Cancer incidence with abdominal pain
In this sample with abdominal pain, the 1-year cumulative incidence of intra-abdominal cancer was higher for men than women, and increased with age (Supplementary Table S3), reaching 3.4% (95% CI = 3.0 to 3.7) and 2.3% (95% CI = 2.1 to 2.5) for men and women, respectively, aged ≥70 years. For all age groups, participants were at greatest risk of colorectal cancer, followed by pancreatic and oesophagogastric cancers (and ovarian cancer for women).
Bladder, kidney, and liver cancers had the lowest incidence estimates. The 1-year cumulative incidence values in participants with abdominal pain were consistently higher than the population estimates, apart from liver cancer in women aged 40—59 years (Supplementary Table S3).
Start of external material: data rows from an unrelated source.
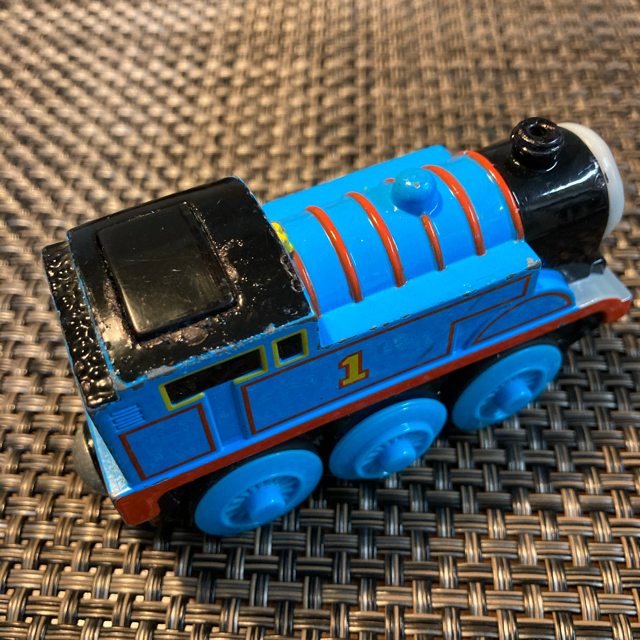 Fisher-Price(フィッシャープライス)のトーマス　木製レール　THOMAS steaming around sodor キッズ/ベビー/マタニティのおもちゃ(電車のおもちゃ/車)の商品写真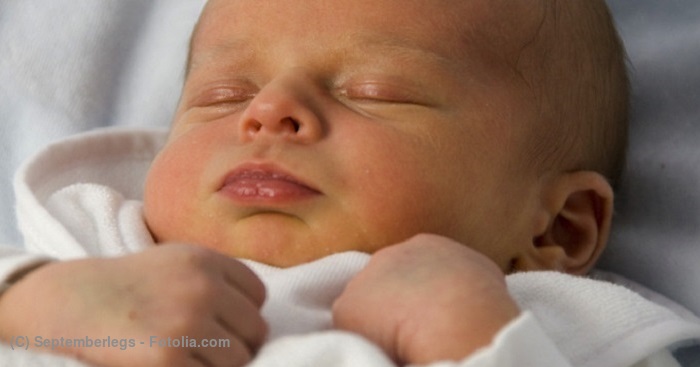 黄疸を持つ新生児の顔の詳細 — ストック写真 © jovannig266330278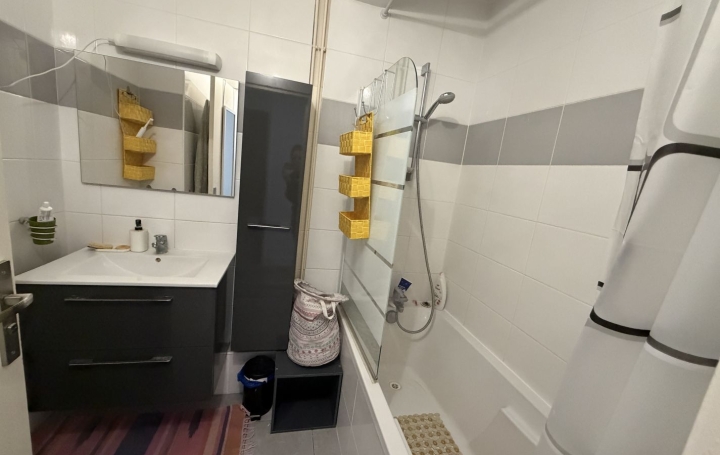 3 Pièces MACON (71000)  79 m2 830 € 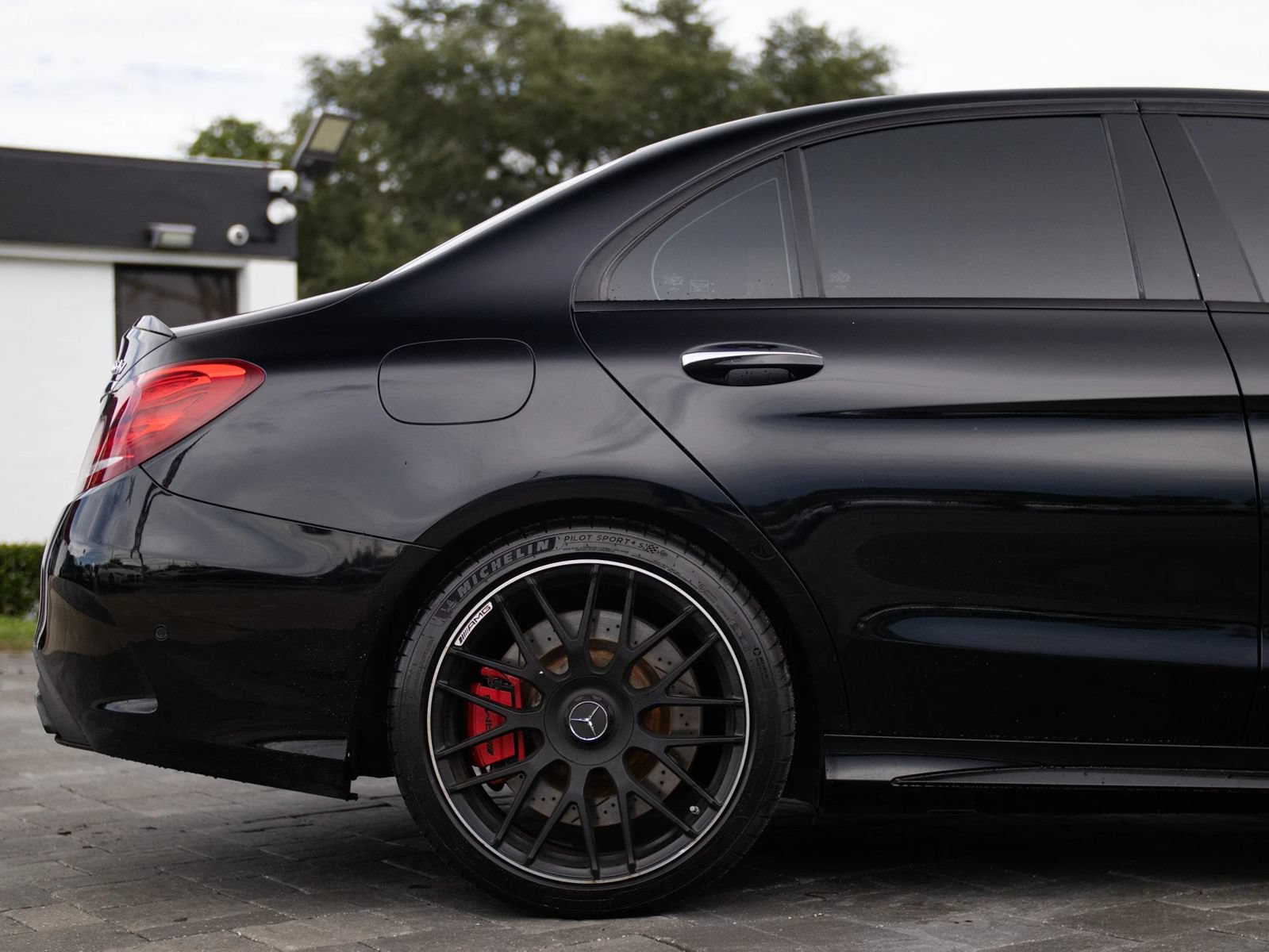 Used 2017 Mercedes-Benz C 63 AMG S image 18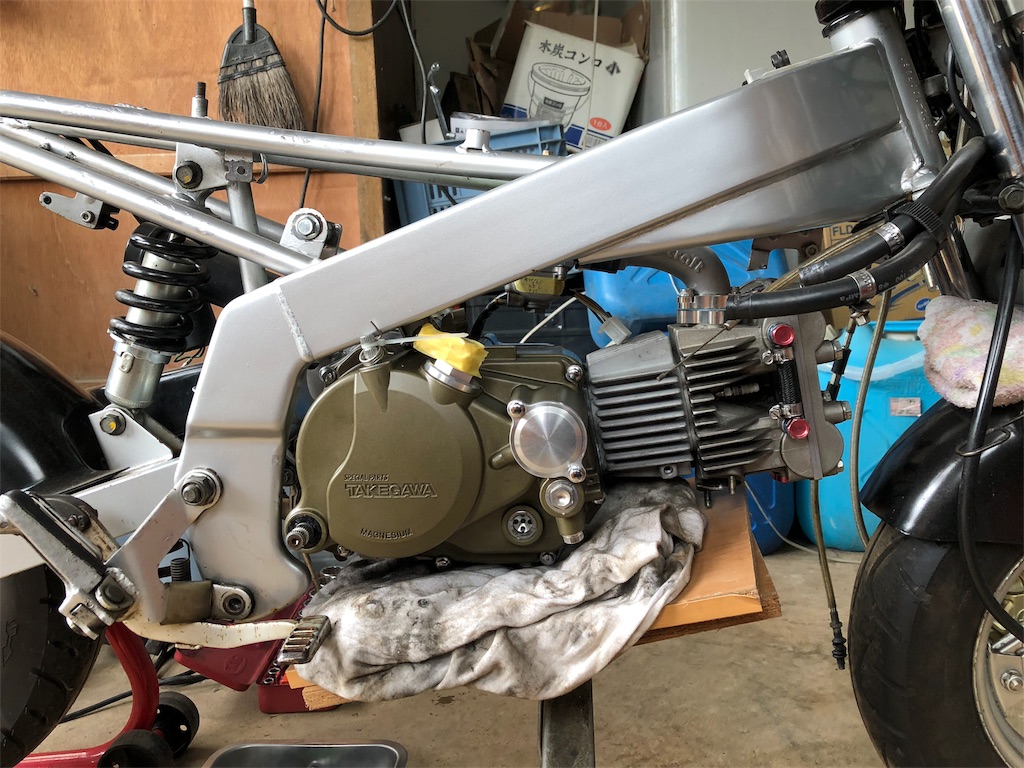 モンキーR エンジン載せ替え その⑥ - バイクのある景色
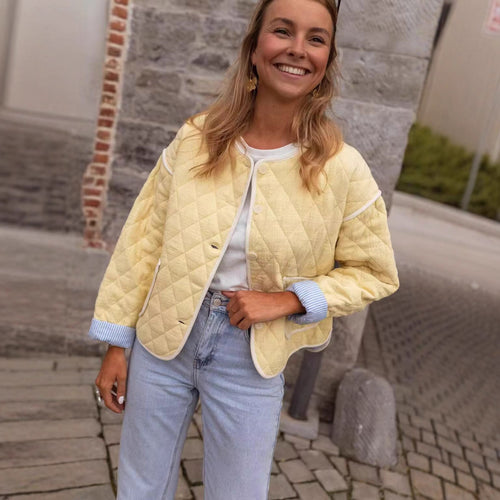 Damen gesteppte Kurzjacke mit Diamantstepp, kontrastierter Paspel und abgerundetem Saum Shop Nory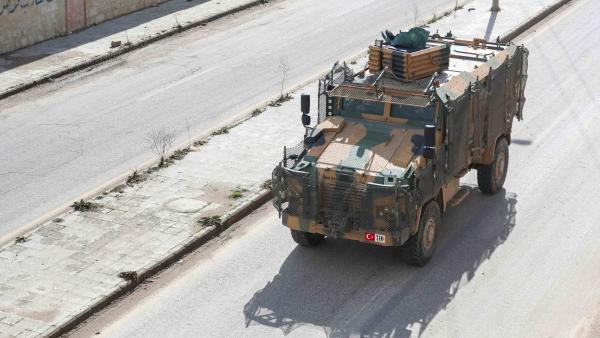 Read more about the article Turkish army convoys bring heavy firepower to Idlib – video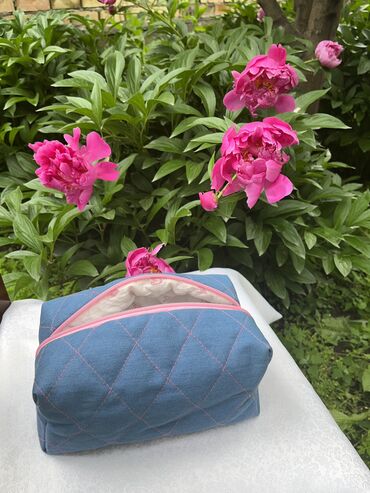 michael kors сумка: Джинсовая косметичка в размере L Плотная турецкая джинса 😍 Упаковка в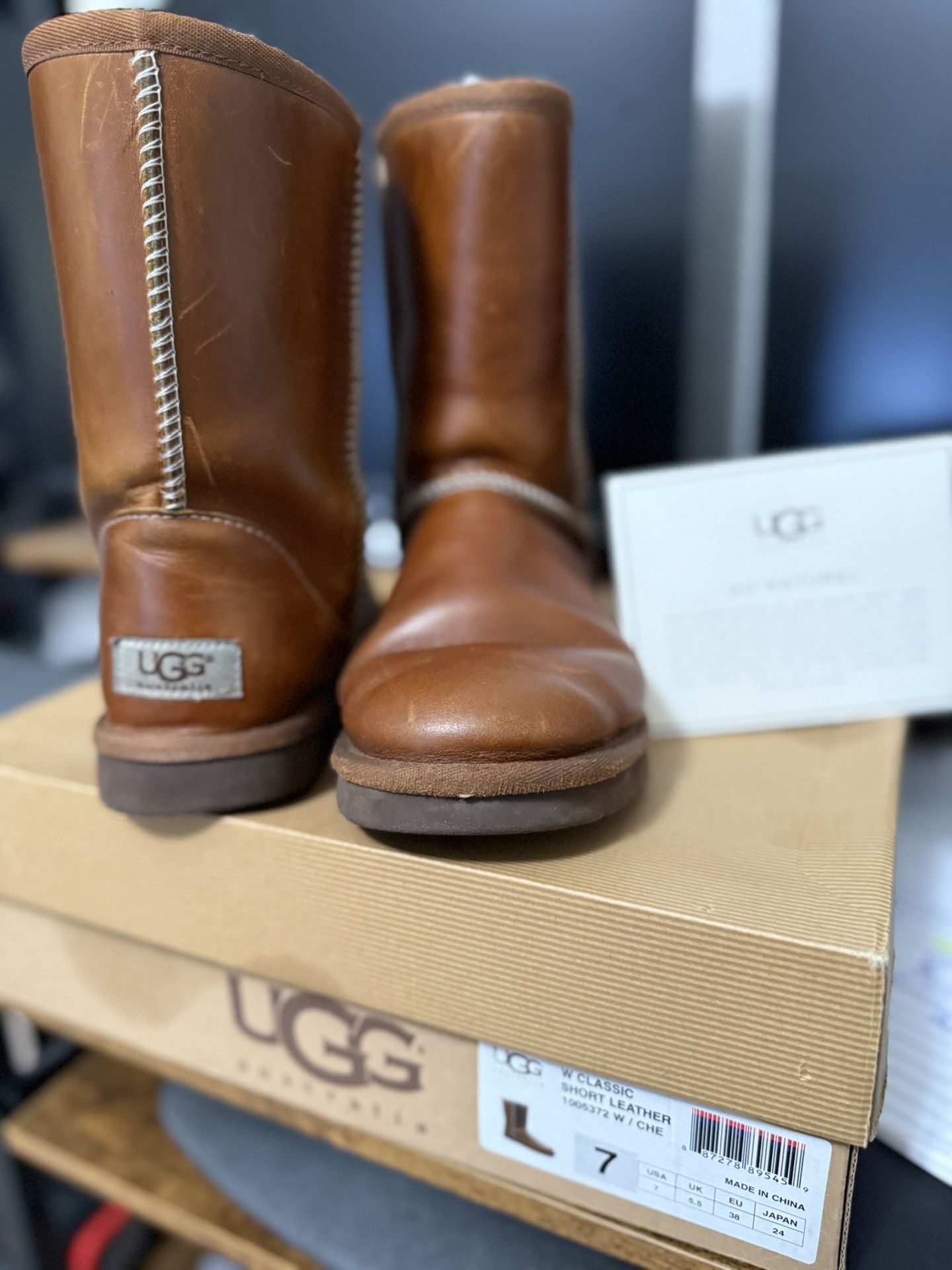 UGG LEATHER BOOTS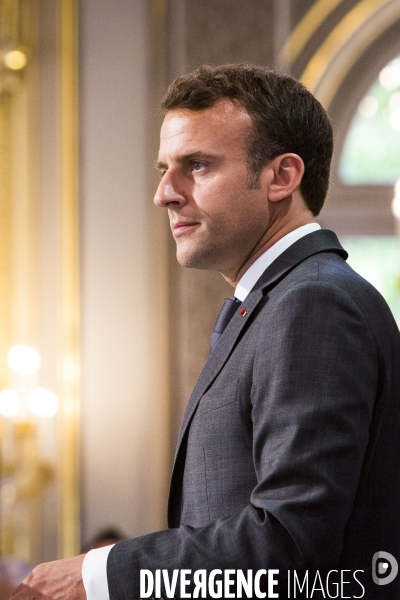 Les pompiers et policiers sauveurs de Notre-Dame de Paris conviés au Palais de l Elysée.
Composite cancer risk in participants with additional features
Additional features increased cancer risk over that with abdominal pain alone. At 40–59 years (Supplementary Table S4), having an abdominal mass increased colorectal, ovarian, oesophagogastric, or liver cancer risk in women to 7% (95% CI = 2.0 to 17). Weight loss increased colorectal, ovarian, pancreatic, or oesophagogastric cancer risk to 4% (95% CI = 1 to 9) in women and to 4% (95% CI = 2 to 9) in men. Constipation increased colorectal or pancreatic cancer risk to 2.6% (95% CI = 1.5 to 4.2) in men.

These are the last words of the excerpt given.